Instructions for the task: The data below holds a line containing "Photo - HE277 Unidad B" and a line containing "Gym fit on this"; please quote exactly those two lines and every line between them, and nothing else.

Records provided:
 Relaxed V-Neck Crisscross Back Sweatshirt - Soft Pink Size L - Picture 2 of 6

---

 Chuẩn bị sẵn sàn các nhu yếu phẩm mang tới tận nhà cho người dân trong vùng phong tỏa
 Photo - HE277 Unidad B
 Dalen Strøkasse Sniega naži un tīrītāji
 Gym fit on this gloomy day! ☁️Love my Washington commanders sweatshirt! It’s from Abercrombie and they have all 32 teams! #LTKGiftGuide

Task result:
 Photo - HE277 Unidad B
 Dalen Strøkasse Sniega naži un tīrītāji
 Gym fit on this gloomy day! ☁️Love my Washington commanders sweatshirt! It’s from Abercrombie and they have all 32 teams! #LTKGiftGuide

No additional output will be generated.